Multiplication operator $M_f$ defined by $M_f g = f(x) g(x)$ is compact iff $f \equiv 0$

Question

Fix a continuous function $f: [0,1] \rightarrow \mathbb{R}$. Consider the multiplication operator $M_f: C^0 [0,1] \rightarrow C^0 [0,1]$ defined by $(M_f g)(x) = f(x)g(x)$ for all $x \in [0,1]$ and $g \in C^0([0,1])$. Show that $M_f$ is a compact operator if and only if $f \equiv 0$.

I'm having trouble with the forwards direction of the proof, where we assume $M_f$ is compact. I think I need to think of a bounded sequence $(g_n)$ whose image under $M_f$ cannot have any convergent subsequences unless $f = 0$, but I'm having trouble thinking of such a sequence.

Answer 1

Let $a \in (0,1)$ and construct a sequence of continuous functions $(g_n)$ with the properties $g_n(a)=1, g_n(x)=0$ if $x >a+\frac 1 n$ or $x <a-\frac 1 n$, $0\leq g(x)\leq 1$ for all $x$. (The graph is a triangle). Then $(g_n)$ us bounded in $C^{0}[0,1]$ so $(f(x)g_n(x))$ must have a convergent subsequence in $C^{0}[0,1]$. The limiting function is necessarily continuous. Note that the pointwise limit is $0$ for $x \neq a$. By continuity the limit has to be $0$ at all points. But $f(a)g_n(a)=f(a)$ so we must have $f(a)=0$. This is true for $0<a<1$ and, by continuity $f$ vanishes at the end points also.

Answer 2

To start, note that, if $M_f$ is compact, then $M_{\lambda f}$ is compact for any $\lambda \in \Bbb{R}$.

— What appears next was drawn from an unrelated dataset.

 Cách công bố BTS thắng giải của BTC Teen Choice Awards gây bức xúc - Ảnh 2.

Suppose $f \neq 0$. Then either $f(x)$ must achieve a positive value or negative value somewhere. By replacing $f$ with $-f$ as necessary, assume that it achieves a positive value.

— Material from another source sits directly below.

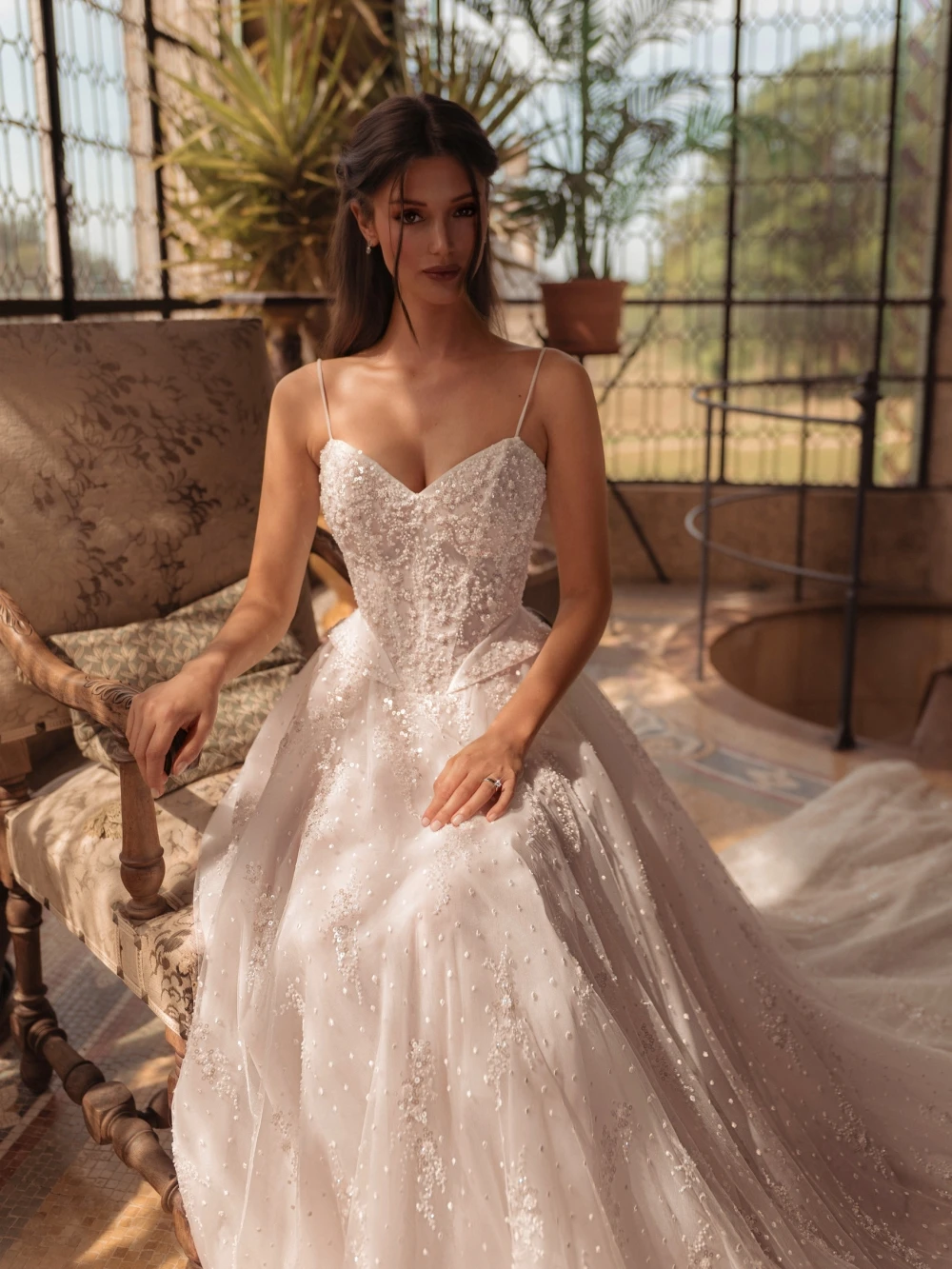 ประณีตลูกปัด A-Line ลูกไม้ชุดแต่งงานยาว Cape Sweetheart คอชุดเจ้าสาวที่กําหนดเอง Charming ชุดสําหรับเจ้าสาว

Continuity then implies that there is some non-trivial subinterval $[a, b]$ and some $\varepsilon > 0$ such that $$x \in [a, b] \implies f(x) > \varepsilon.$$ By replacing $f$ with $\frac{1}{\varepsilon} f$, we may assume without loss of generality that $\varepsilon = 1$.

The next WLOG step I wish to make is to show that $[a, b]$ can be assumed, WLOG, to be $[0, 1]$. For $g, h \in C[a, b]$, define $M'_h(g) = hg$. I claim that, if $M_f$ is compact, then $M'_{f|_{[a, b]}}$ is also compact. To see this, recall that the restriction map $g \mapsto g|_{[a, b]}$ is a non-expansive linear map from $C[0, 1]$ to $C[a, b]$. Then, given any bounded sequence $(g_n) \in C[a, b]$, then let $$g'_n \in C[0, 1] : x \mapsto \begin{cases} g_n(x) & \text{if } x \in [a, b] \\ g_n(a) & \text{if } x < a \\ g_n(b) & \text{if } x > b. \end{cases}$$ Then $\|g'_n\| = \|g_n\|$ and $g'_n|_{[a, b]} = g_n$. Then, $g'_n$ must have a Cauchy subsequence. Since the restriction map is non-expansive, the corresponding subsequence of $g_n$ is also Cauchy. Thus, if $M'_{f|_{[a, b]}}$ is not compact, then neither is $M_f$.

Let $\phi : C[a, b] \to C[0, 1] : g \mapsto \left(x \mapsto f\left(\frac{x - a}{b - a}\right)\right)$. Then $\phi$ is an isometric isomoprhism between the spaces, and given any $h \in C[a, b]$, $$M_{\phi(h)} \circ \phi = M'_h.$$ What this tells us is that if $M_{\phi(f|_{[a, b]})}$ is not compact, then neither is $M'_{f|_{[a, b]}}$, and hence neither is $M_f$. So, we can, without loss of generality, replace $f$ with $\phi(f|_{[a, b]})$, which is a function on $[0, 1]$ which is greater than $1$ on its entire domain! That is, WLOG, we may replace $[a, b]$ with $[0, 1]$.

Now, our last WLOG step! We can replace $f$ WLOG by the constant function $1$. Since $f(x) > 1$ for all $x$, it follows that $$\|M_f(g)\| = \sup_{x \in [0, 1]} f(x)g(x) \ge \sup_{x \in [0, 1]} 1g(x) = \|M_1(g)\|,$$ hence if $M_1$ is non-compact, then neither is $M_f$.

But, $M_1$ is simply the identity map on the infinite-dimensional space $C[0, 1]$. This implies $M_1$ is not compact. Thus, $M_f$ is not compact either.